I know this has been discussed to the n(th) degree but I am wondering if FreeBSD project has plans to increase the number of characters in a username to 60+ in future releases. Or am I going to start using other OS? After using FreeBSD for over a decade I hate to have DOS 8.3 character limits sort of thing. I don't want to rebuild the world either.

Any light on this?

Thanks!


----------



## fonz (Dec 7, 2011)

amilojko said:
			
		

> plans to increase the number of characters in a username to 60+


Why in the name of [_insert favourite deity/celebrity/scientist here_] would you want that? :q You do know that there's a Gecos field, right?



			
				amilojko said:
			
		

> Or am I going to start using other OS.


That is of course your choice. Somehow I feel strangely *un*affected. :e



			
				amilojko said:
			
		

> After using FreeBSD for over a decade
> [snip]
> I don't want to rebuild the world either.


If you've been using FreeBSD that long you ought to know that wanting something that nobody else wants but not wanting to do anything for it doesn't usually produce much result.

Besides, there might be more to it than just FreeBSD itself.
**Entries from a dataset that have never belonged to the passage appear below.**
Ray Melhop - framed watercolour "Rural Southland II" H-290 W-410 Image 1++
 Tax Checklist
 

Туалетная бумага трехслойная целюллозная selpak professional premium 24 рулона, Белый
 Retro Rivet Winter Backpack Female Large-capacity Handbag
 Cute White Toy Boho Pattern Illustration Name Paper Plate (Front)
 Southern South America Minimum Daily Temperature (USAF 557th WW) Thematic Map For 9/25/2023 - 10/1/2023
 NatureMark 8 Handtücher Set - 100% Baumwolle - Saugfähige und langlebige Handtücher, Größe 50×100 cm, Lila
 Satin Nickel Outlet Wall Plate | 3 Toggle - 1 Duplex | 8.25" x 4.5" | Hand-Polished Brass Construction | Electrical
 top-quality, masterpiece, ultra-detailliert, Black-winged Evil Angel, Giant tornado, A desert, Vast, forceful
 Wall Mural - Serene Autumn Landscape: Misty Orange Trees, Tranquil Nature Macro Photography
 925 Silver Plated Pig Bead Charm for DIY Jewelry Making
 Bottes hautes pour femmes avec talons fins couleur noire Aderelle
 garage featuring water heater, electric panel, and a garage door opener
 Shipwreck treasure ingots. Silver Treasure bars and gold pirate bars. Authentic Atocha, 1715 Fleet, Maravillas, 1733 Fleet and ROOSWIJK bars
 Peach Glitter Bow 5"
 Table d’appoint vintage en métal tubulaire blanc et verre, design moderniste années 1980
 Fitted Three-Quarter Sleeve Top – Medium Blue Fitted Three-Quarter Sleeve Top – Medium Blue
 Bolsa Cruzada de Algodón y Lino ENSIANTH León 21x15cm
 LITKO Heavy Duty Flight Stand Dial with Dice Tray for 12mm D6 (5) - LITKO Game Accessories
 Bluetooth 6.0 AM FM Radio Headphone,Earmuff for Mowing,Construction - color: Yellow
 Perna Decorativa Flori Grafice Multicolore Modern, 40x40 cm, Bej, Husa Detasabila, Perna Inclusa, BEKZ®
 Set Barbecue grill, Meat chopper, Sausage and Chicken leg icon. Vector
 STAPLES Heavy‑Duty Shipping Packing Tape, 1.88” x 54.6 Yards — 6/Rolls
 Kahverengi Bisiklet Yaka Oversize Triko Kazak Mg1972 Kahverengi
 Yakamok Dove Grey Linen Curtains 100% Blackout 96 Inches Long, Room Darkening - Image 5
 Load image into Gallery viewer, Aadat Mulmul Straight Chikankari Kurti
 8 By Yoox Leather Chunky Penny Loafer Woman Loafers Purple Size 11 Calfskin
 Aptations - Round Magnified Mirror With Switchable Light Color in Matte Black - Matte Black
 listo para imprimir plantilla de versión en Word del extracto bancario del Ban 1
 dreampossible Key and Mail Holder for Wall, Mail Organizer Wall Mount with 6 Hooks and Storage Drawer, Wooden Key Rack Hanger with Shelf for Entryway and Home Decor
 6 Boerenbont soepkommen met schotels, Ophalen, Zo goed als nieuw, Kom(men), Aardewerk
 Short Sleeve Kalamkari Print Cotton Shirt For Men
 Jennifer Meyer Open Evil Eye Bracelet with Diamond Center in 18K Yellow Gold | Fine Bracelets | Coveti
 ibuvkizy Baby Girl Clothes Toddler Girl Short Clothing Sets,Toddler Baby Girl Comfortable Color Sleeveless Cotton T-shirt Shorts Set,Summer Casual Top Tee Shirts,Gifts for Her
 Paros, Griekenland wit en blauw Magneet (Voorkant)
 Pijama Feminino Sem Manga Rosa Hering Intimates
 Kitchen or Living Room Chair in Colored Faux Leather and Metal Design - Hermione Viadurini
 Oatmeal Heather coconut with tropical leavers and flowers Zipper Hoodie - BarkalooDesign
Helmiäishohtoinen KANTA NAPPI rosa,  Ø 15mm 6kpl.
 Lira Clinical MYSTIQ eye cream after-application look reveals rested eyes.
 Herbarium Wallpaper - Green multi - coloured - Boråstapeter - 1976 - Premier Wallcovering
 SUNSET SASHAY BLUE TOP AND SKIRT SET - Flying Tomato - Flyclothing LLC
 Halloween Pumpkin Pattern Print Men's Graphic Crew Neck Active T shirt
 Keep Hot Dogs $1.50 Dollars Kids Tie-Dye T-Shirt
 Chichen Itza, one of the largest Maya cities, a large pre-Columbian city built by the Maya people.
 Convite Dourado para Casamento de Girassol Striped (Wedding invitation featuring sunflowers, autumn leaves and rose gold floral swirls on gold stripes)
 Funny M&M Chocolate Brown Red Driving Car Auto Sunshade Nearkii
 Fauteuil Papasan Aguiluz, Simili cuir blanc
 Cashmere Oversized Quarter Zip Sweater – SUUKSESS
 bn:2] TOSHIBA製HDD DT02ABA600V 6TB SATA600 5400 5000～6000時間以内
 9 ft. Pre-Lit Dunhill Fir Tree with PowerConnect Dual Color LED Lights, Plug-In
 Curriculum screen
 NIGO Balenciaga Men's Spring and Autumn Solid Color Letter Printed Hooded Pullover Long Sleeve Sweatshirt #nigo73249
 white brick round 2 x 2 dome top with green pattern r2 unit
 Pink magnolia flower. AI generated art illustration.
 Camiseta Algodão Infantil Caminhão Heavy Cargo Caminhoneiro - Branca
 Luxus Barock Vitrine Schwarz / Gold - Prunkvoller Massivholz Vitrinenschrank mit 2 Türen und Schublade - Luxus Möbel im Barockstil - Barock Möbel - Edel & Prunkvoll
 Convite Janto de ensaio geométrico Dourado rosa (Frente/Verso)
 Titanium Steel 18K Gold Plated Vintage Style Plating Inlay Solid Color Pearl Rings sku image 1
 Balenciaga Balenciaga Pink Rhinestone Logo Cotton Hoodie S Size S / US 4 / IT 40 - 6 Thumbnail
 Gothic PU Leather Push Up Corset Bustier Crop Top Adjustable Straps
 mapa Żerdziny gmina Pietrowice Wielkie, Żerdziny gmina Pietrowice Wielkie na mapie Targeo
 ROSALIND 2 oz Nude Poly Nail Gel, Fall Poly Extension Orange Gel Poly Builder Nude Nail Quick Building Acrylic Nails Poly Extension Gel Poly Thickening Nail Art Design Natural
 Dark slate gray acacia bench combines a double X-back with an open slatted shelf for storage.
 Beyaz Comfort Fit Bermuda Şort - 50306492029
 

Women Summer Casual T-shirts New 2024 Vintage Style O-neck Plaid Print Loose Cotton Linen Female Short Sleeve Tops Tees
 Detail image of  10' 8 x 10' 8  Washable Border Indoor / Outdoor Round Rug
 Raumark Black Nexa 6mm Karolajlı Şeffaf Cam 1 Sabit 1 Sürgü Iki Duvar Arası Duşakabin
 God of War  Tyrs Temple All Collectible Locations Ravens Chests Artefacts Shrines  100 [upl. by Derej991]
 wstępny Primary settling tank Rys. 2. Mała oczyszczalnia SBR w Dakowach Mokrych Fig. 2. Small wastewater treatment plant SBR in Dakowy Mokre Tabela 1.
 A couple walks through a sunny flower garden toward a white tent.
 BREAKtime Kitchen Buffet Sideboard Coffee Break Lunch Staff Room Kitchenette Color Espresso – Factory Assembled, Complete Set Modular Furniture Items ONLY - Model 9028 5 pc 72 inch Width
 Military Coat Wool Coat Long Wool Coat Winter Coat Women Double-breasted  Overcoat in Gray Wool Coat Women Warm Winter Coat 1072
Userland applications often have parameters like these hardcoded and when they do, the size is highly unlikely to be as long as that. In other words: there probably won't be many applications that can (correctly) handle such outrageously long usernames.

Fonz


----------



## amilojko (Dec 7, 2011)

Hi there,

Thanks for your reply. I am hardly the only one wanting this feature. 60 + characters is just looking into the future. Something around 30/40 would be competitive right now. It would make FreeBSD much better option for web hosting servers. It would be nice to use FreeBSD for everything. Plus other popular systems don't have that limit. Imagine being able to log into your server with your email address. Well, I'll just have to put my tail between my legs and use CentOS.


----------



## fluca1978 (Dec 7, 2011)

amilojko said:
			
		

> Imagine being able to log into your server with your email address.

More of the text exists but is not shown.